How to Remove Salt Stains from Leather
If you wear your shoes in snowy weather, you may end up with salt stains on your shoes. You can remove stains from leather with a solution of water and vinegar and cleaning the shoes with it.
How to Remove Grease Stains from Leather
Sprinkle and use baking soda onto any greasy stains and rub it in. Let it absorb overnight for best results. In the morning, wipe off excess baking soda with a clean cloth.
How to Remove Scuffs from Leather
If your shoes have scuffs that you can’t remove with a good cleaning, use a tiny dab of white toothpaste on the scuff. Rub in with a soft cloth and repeat until the scuffs are gone.
Shining and Buffing Leather Shoes
What’s the best way to shine boots and shoes?
Use a leather cream polish to clean your finished leather shoes. Choose one the same color as your shoes and test it in an inconspicuous spot to make sure it looks good.
Apply the polish with a clean cloth, let it sit, then buff it with another cloth or shoe brush. To shine, dampen the clean cloth slightly.
Make sure you protect your work surface with some newspaper, so you don’t make a mess with the leather polish.
To properly shine leather shoes, apply shoe polish to one shoe, making sure to get the tongue and all small parts. Let that shoe dry while you take care of the second one. Once they are both coated, use a shoe brush to remove excess polish.
Repeat once for a second layer. Brush the shoe with your shoe brush in a circular pattern to bring out the shine. For a ‘spit shine,’ use the polish up to 5 times until you’ve achieved the desired result. Finish with a slightly damp clean cloth.

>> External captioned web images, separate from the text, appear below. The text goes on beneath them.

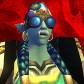 Character Avatar
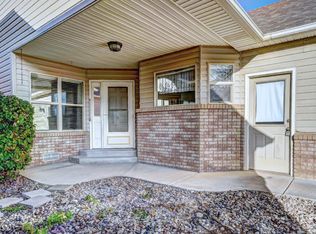 704 Fountainhead Blvd APT C, Grand Junction, CO 81505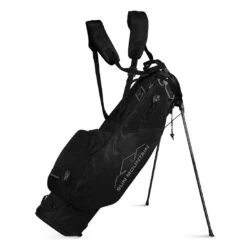 Sun Mountain 2022 2.5+ Stand Bag 13 Sun Mountain 2022 2.5+ Stand Bag -Elite Golf Shop sun mountain 2022 25 plus stand bag black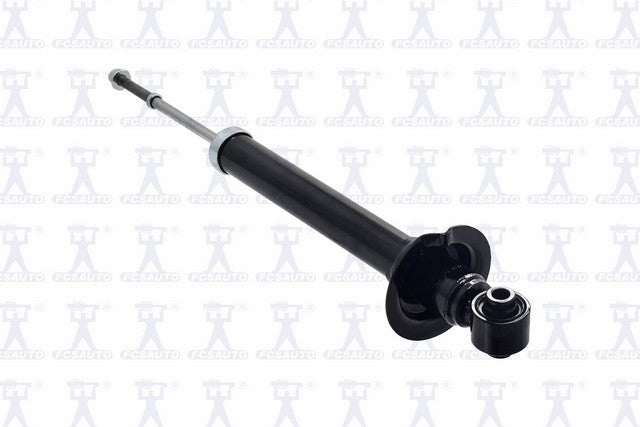 Suspension Strut FCS Automotive DT345939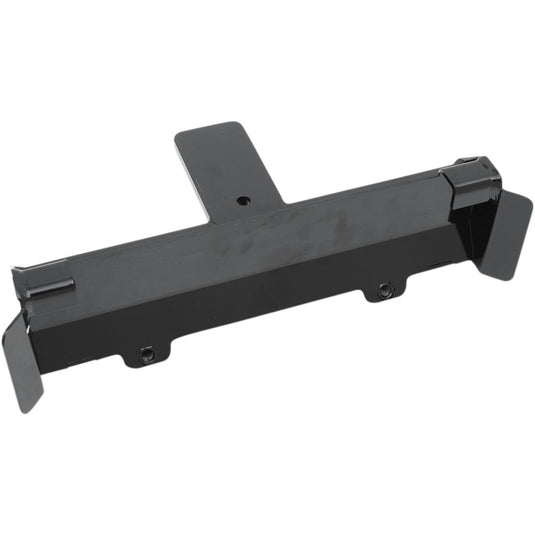 Moose Utility KD200PF Replacement Removable Mount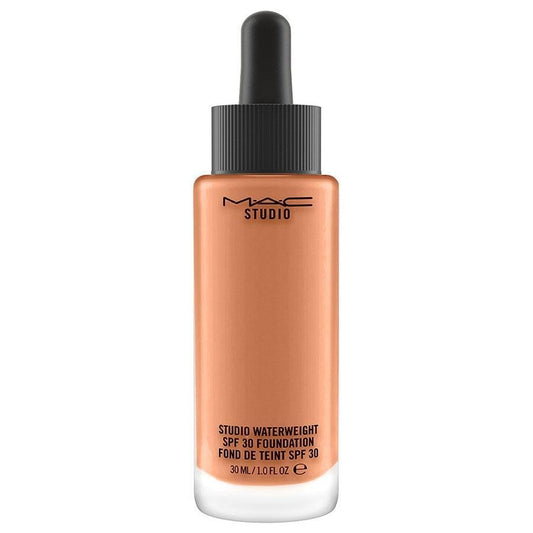 MAC Studio Waterweight SPF30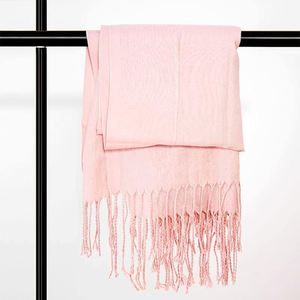 Set de Regalo para Mujeres Sobrevivientes de Cáncer, Precio Bajo, al por Mayor, con Vaso, Manta, Calcetines, Vela, Regalos de Spa de Lujo Personalizados para Ella - Product Image 4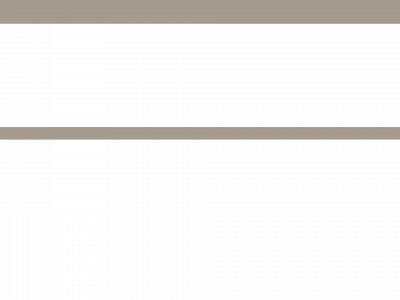 europeanclarinetassociation.eu snapshot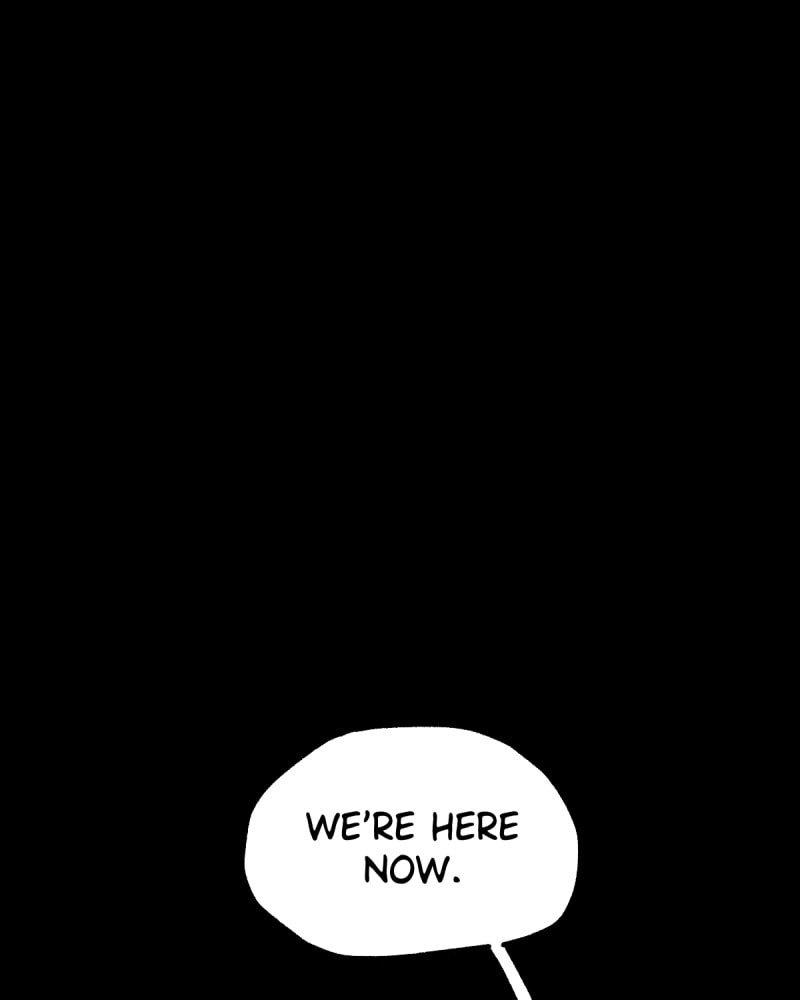 The Little Match Girl Chapter 110 page 80 - 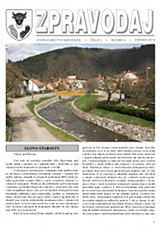 zpravodaj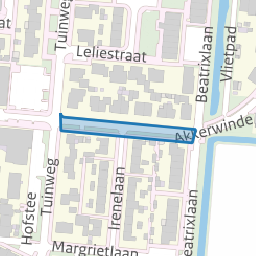 Perceel BEL02-C-1990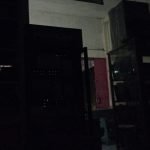 Helo PLN, di Mesuji Padam Listrik Menghantui Warga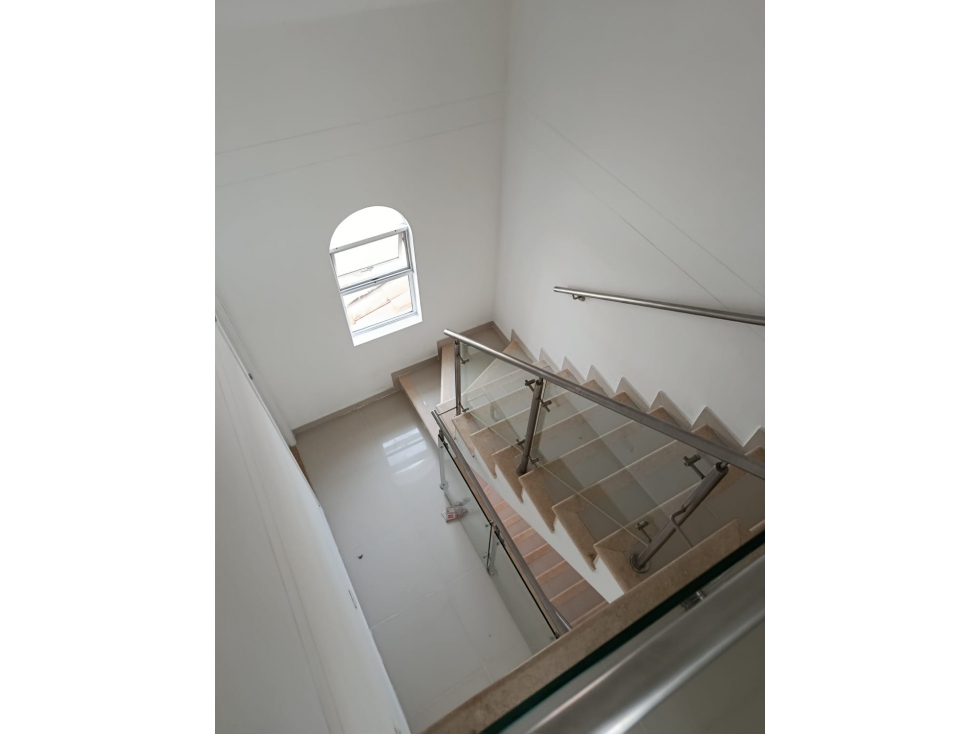 Casa en venta en Altos De Riomar, Barranquilla · foto 16 de 22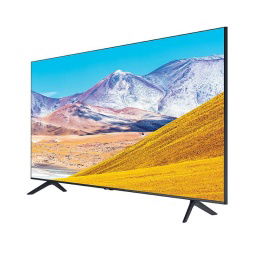Samsung 75TU8002
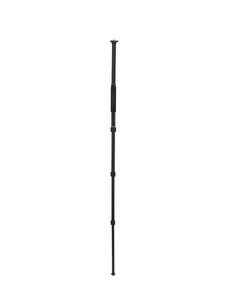  Benro TMA28A Mach3 Aluminum Tripod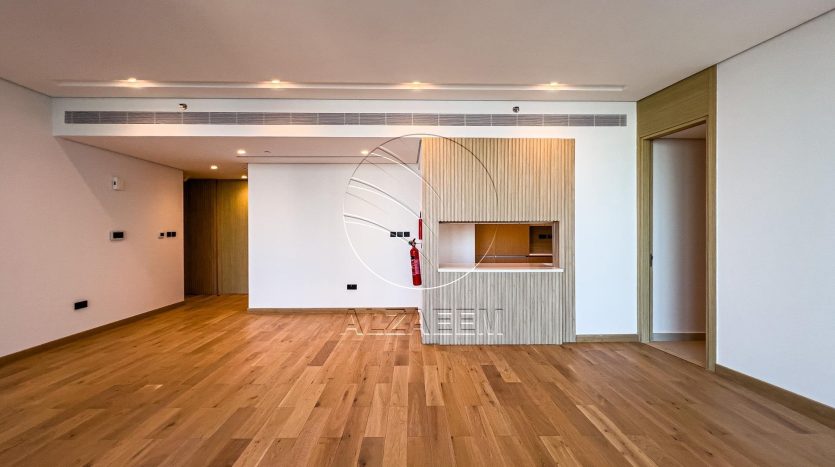 Apartment on Al Reem, Abu-Dhabi, 2 bedrooms, 188 m2  | Foto 3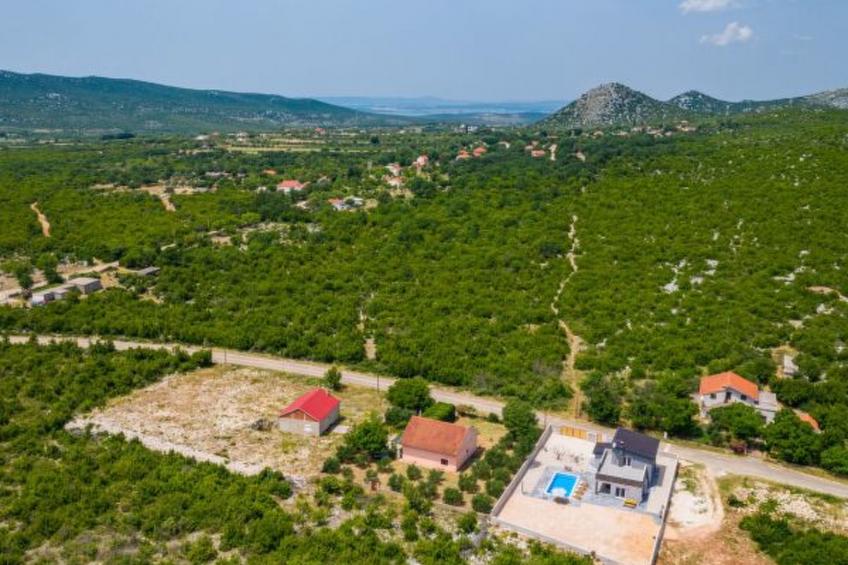 Villa Grigia - foto 7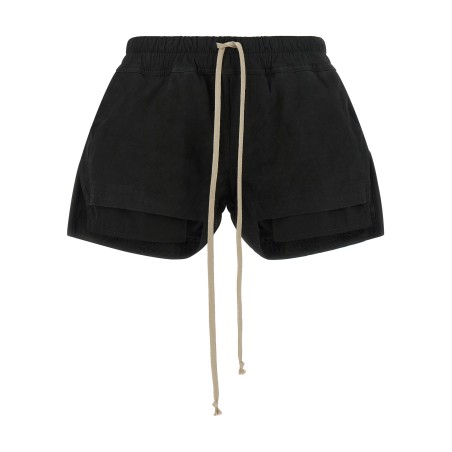 'Fog Boxers' shorts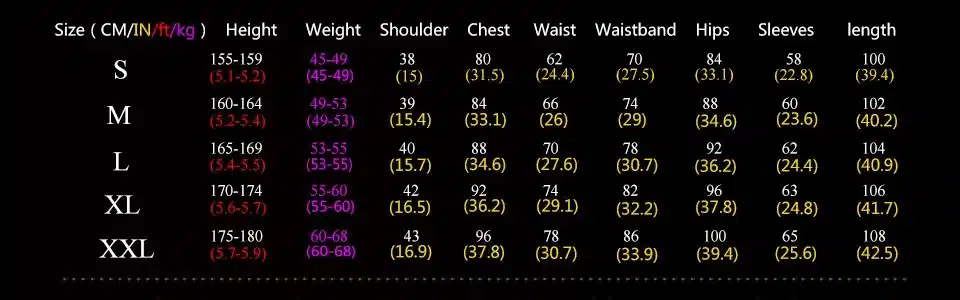 LED Suits Luminous Costumes Glowing LED Clothing 2017 Hot Fashion Show Men LED Shorts Dance Accessories Free Shipping 27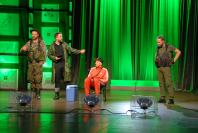 Opolska Noc Kabaretowa - 9262_dsc_2110.jpg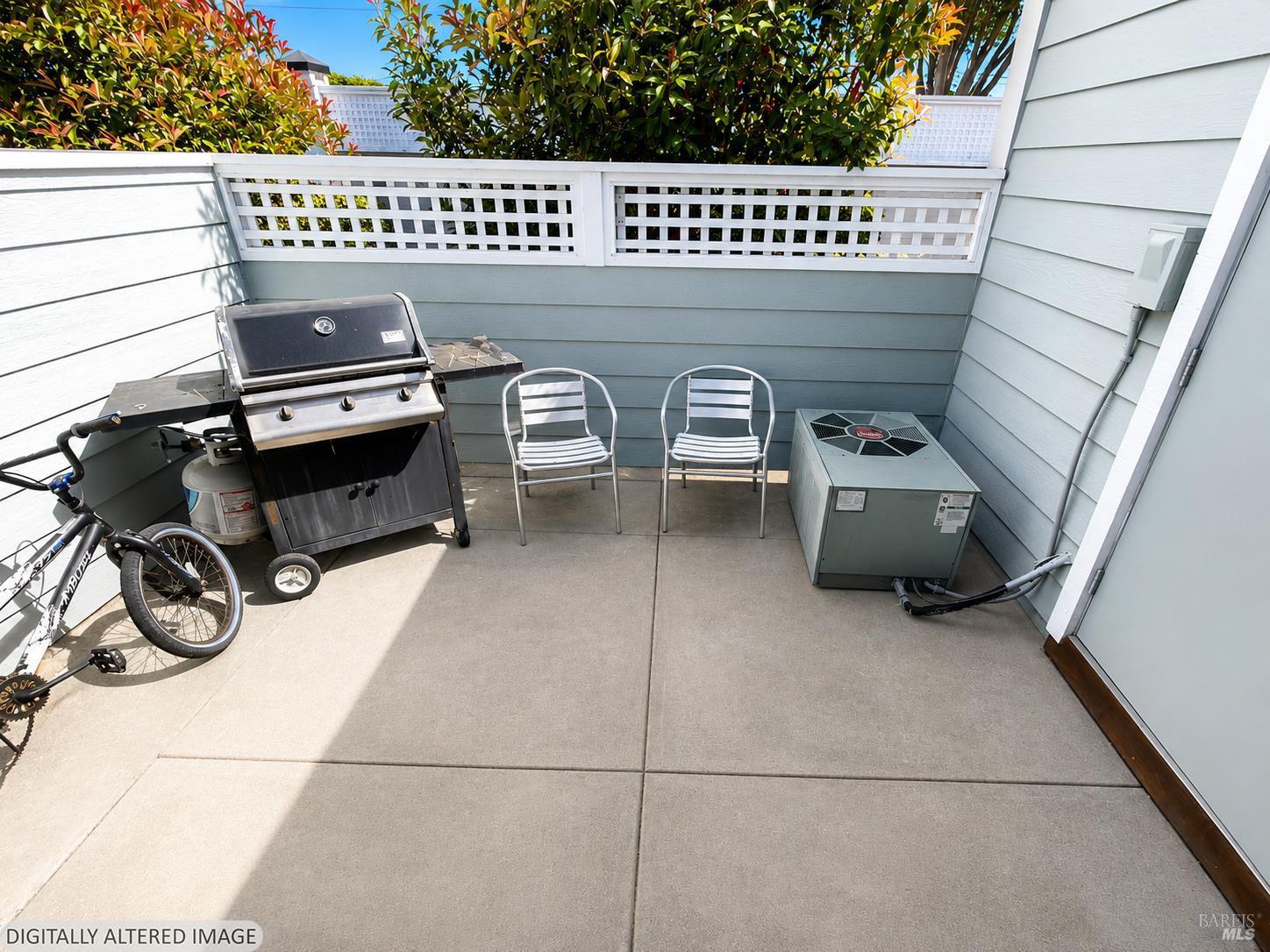 642 Wisteria Lane Santa Rosa, CA 95407 - Photo 7 of 15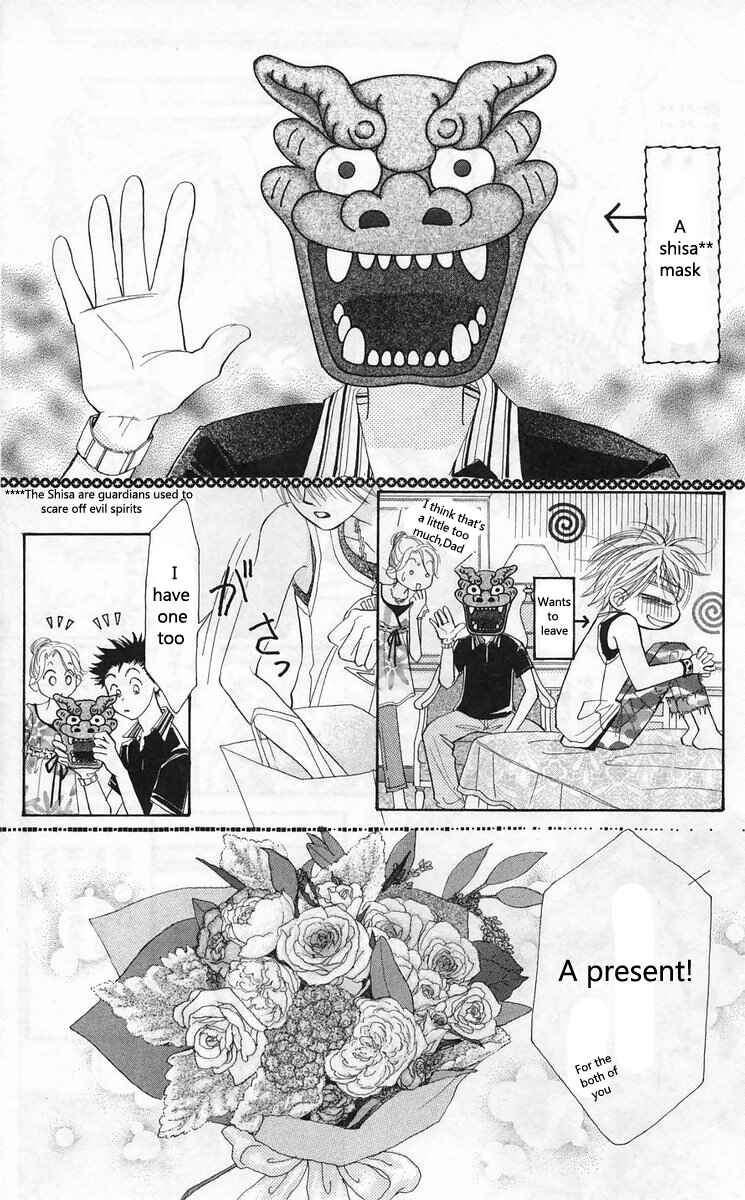 Page 4 Chapter 11 ZIG★ZAG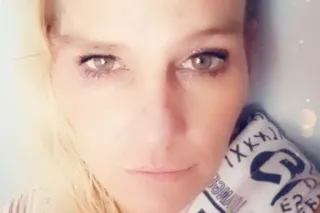 💋🔥 FILTHY LITTLE TUESDAY TEMPTATION 🔥💋😈💦 NASTY & NICE… BUT MOSTLY NASTY 💦😈👅🔥 ONE KISS & YOU’RE HOOKED 🔥👅 - Image 7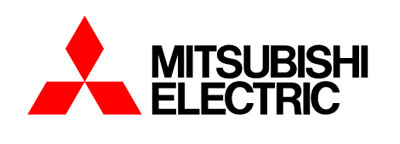 Mit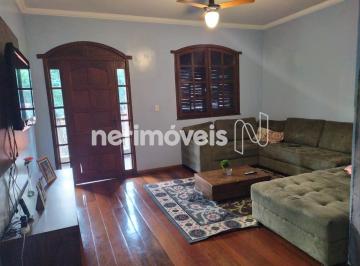 233081fb-4-172881e7-7887-4f5e-925d-d0c0967a6a4a.jpg · Casa à Venda, Tropical, Contagem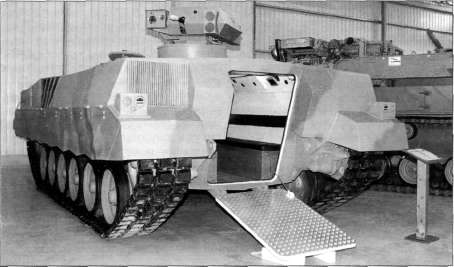 BMPid014.jpg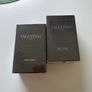 Valentino Uomo 100ml parfum for him Image 7
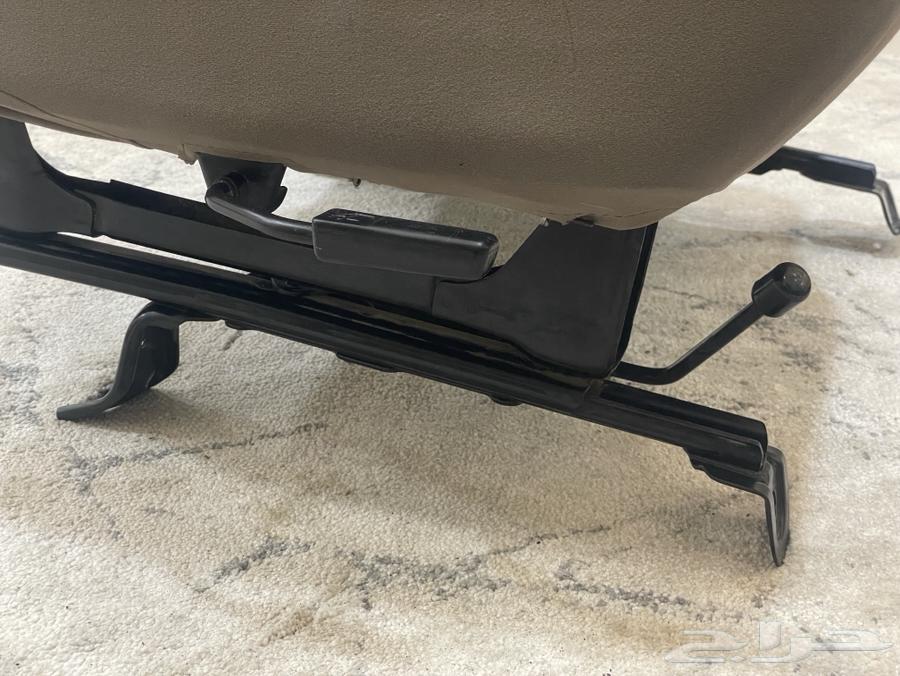 مرتبة جيب ربع 201564534198300417114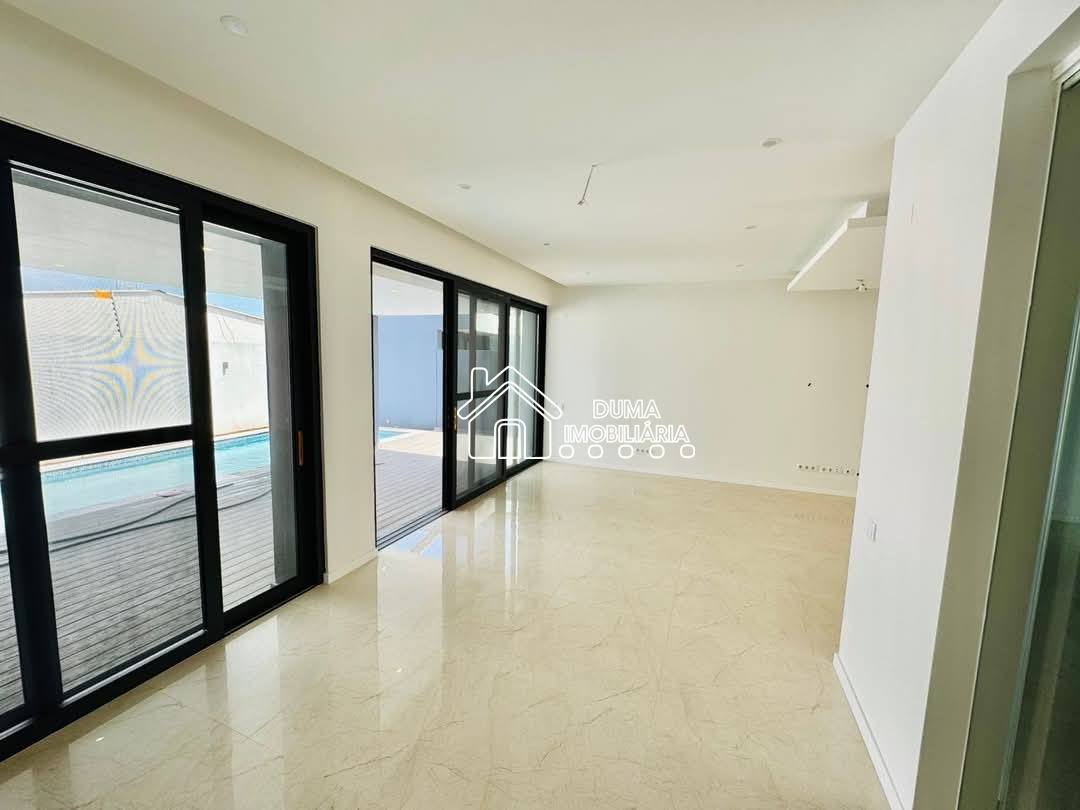 495199423_1353385889244981_7364732337577308723_n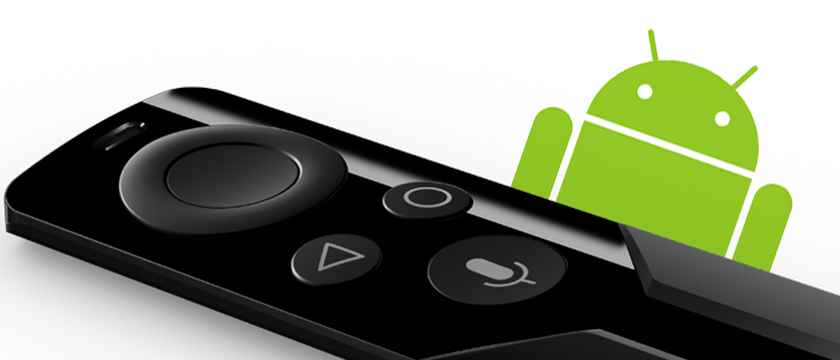 ¿Qué es una caja de TV Android? ¿Qué es la caja de Android TV?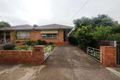Property photo of 44 Lennox Street Moonee Ponds VIC 3039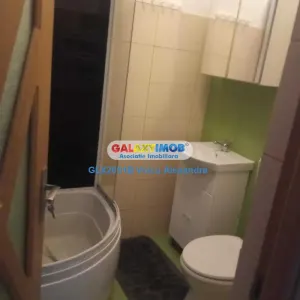Apartament Bloc Nou Berceni - Dimitrie Leonida - Metrou Berceni - foto 4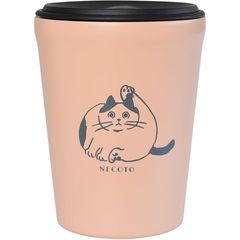 Item thumbnail for item edb98d26-3720-422b-a037-1f3defebd917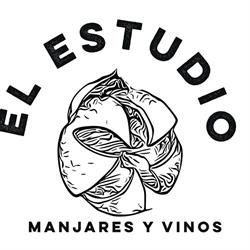 vinos malaparte (TIENDA EL ESTUDIO), Cuéllar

For unfinished leather, use oil to preserve the leather-like mink oil. Follow the same instructions for the leather polish.
How to Care for Leather Boots and Shoes
Don’t wear your leather shoes day after day. Giving them a day off once in a while helps prolong the life of your shoes. When you’re not wearing them, don’t store them in shoe boxes as this keeps them from breathing. Keeping your shoes out in the open lets them absorb moisture from the air to stay moisturized.
Another great homemade leather cleaner is made by mixing lemon juice and cream of tartar. It works slightly better especially on getting rid of water stains.
Condition your shoes with a leather conditioner a couple of times a year to keep them looking sharp. Doing so can also help waterproof your leather shoes. Condition right after using a DIY shoe cleaner while the boot is still a bit damp.
For a homemade conditioner, use linseed oil and white vinegar. Wipe onto shoes and let it sit for 15-20 minutes. Using a soft, clean cloth, buff into shoes for so they’ll shine. You can also use plain olive oil, letting it dry on the shoe.
While a type of leather, suede shoes require a unique treatment.
If your shoes have gotten wet and muddy, let dry before cleaning, using a paper towel to dry as much as possible. As we already covered this in our tips on how to clean suede shoes, it is best to use a suede brush, consisting of stiff metal. Use this on any dirty spots, and make sure to brush in the same direction.
For scuffs, rub the shoe with a white pencil eraser. Do this before brushing. For greasy stains, use a sprinkling of baking soda or talcum powder. Rub into stains and let sit for several hours before brushing with a suede brush.
When cleaning suede, only blot, never rub the shoe. Rubbing can mess up the natural nap.
To weatherproof and care for suede shoes, use a weatherproofing spray that is silicone based once a year.
To remove water stains from suede, apply water to the entire shoe. Blot the shoe until you’ve removed all excess water and there are no visible watermarks. Fill the suede shoe with white paper to keep its shape and let dry overnight. In the morning, brush with your suede brush.
If The Shoe Fits
With just a little bit of DIY effort, you can save yourself a lot of money and effort that you would have otherwise spent on replacing or removing water stained, salt-stained, grease-stained or scuffed leather shoes.
In this article, you learned how to clean and care for leather boots and shoes, and how to clean and care for suede shoes.